Image-caption web data
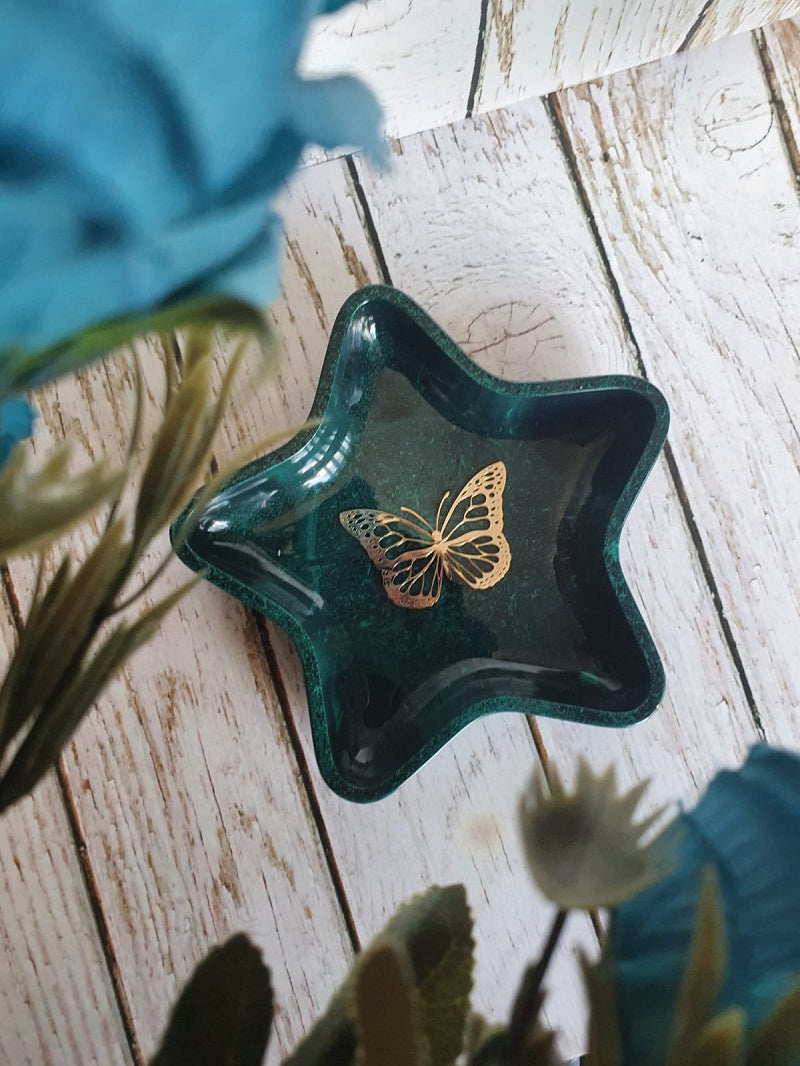 Green Butterfly Print Resin Trinket Tray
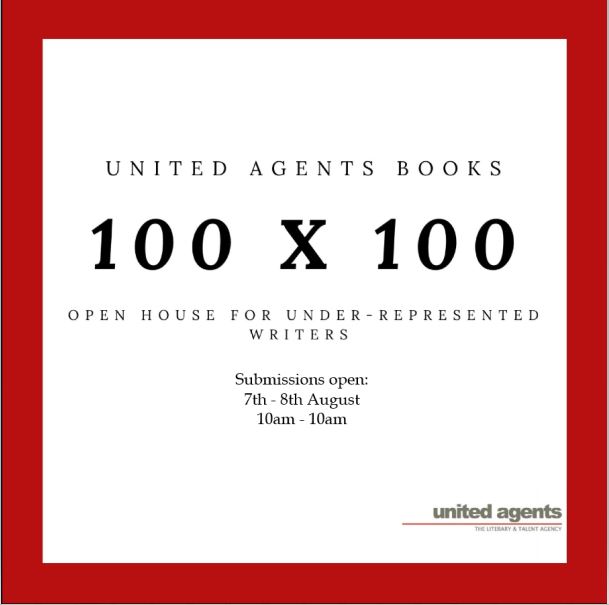 SUBMISSIONS ARE NOW OPEN!  🙌 Please email your cover letter, synopsis, and the first three chapters/50 pages to onehundred@unitedagents.co.uk  within the next 24 hours.  We will email to let you know if you have been randomly selected within 48 hours of the window closing!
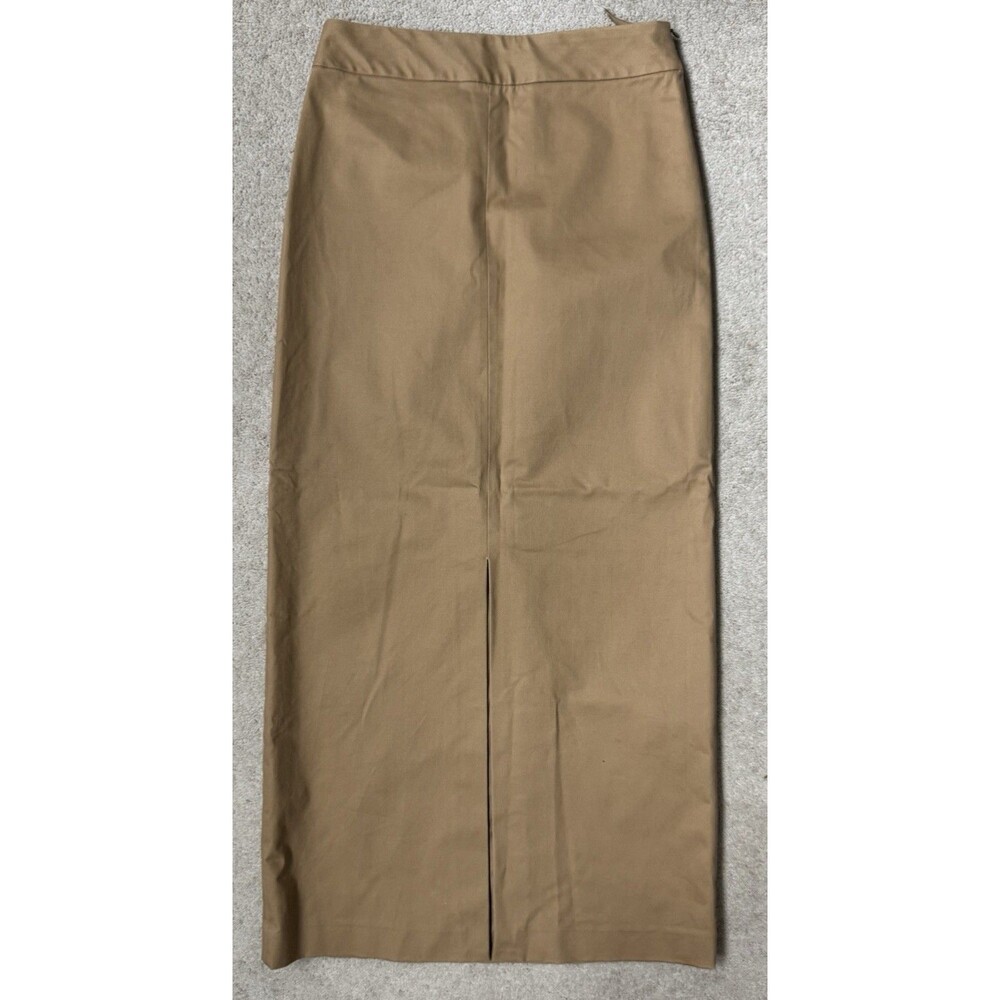 Vintage 2002 Banana Republic Factory Y2K Camel Maxi Skirt Front Slit Minimalist - Picture 7 of 11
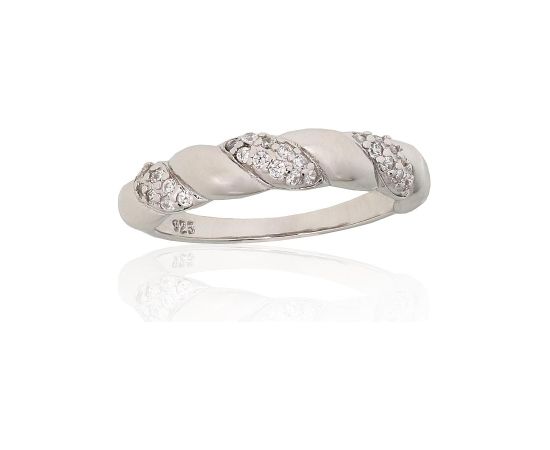 Sudraba gredzens #2102003(PRh-Gr)_CZ, Sudrabs 925°, rodijs (pārklājums), Cirkoni, Izmērs: 19, 2.6 gr. Sieviešu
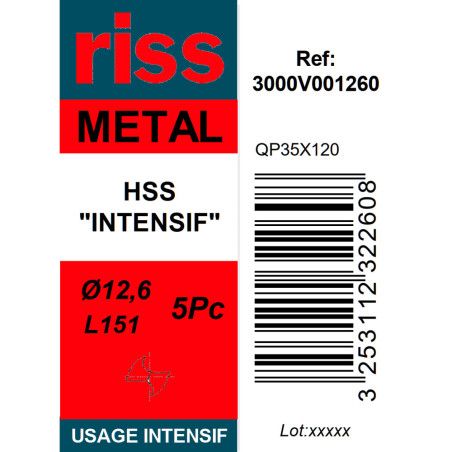 Boite 5 forets à métaux HSS taillé meulé Ø12,6mm - Riss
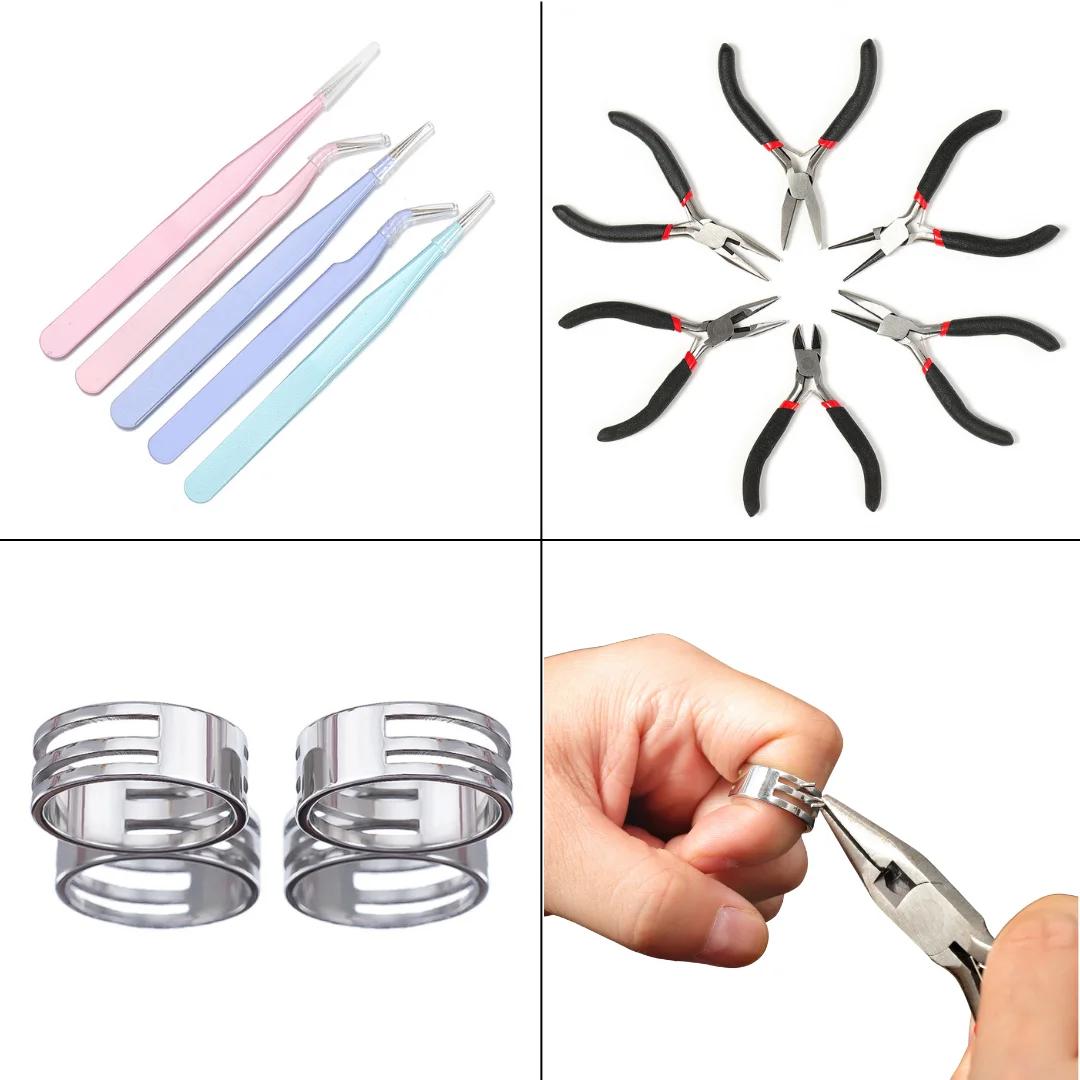 1pcs Jewelry Making Plier Tweezers Fixed Ring Pick Up Press Jewelry Help Tool Equipment DIY Jewelry Repair Tools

- [Task item]: Transcribe every line in the entries above, taking out only the images.

- [Answer below]:
 Green Butterfly Print Resin Trinket Tray
 SUBMISSIONS ARE NOW OPEN!  🙌 Please email your cover letter, synopsis, and the first three chapters/50 pages to onehundred@unitedagents.co.uk  within the next 24 hours.  We will email to let you know if you have been randomly selected within 48 hours of the window closing!
 Vintage 2002 Banana Republic Factory Y2K Camel Maxi Skirt Front Slit Minimalist - Picture 7 of 11
 Sudraba gredzens #2102003(PRh-Gr)_CZ, Sudrabs 925°, rodijs (pārklājums), Cirkoni, Izmērs: 19, 2.6 gr. Sieviešu
 Boite 5 forets à métaux HSS taillé meulé Ø12,6mm - Riss
 1pcs Jewelry Making Plier Tweezers Fixed Ring Pick Up Press Jewelry Help Tool Equipment DIY Jewelry Repair Tools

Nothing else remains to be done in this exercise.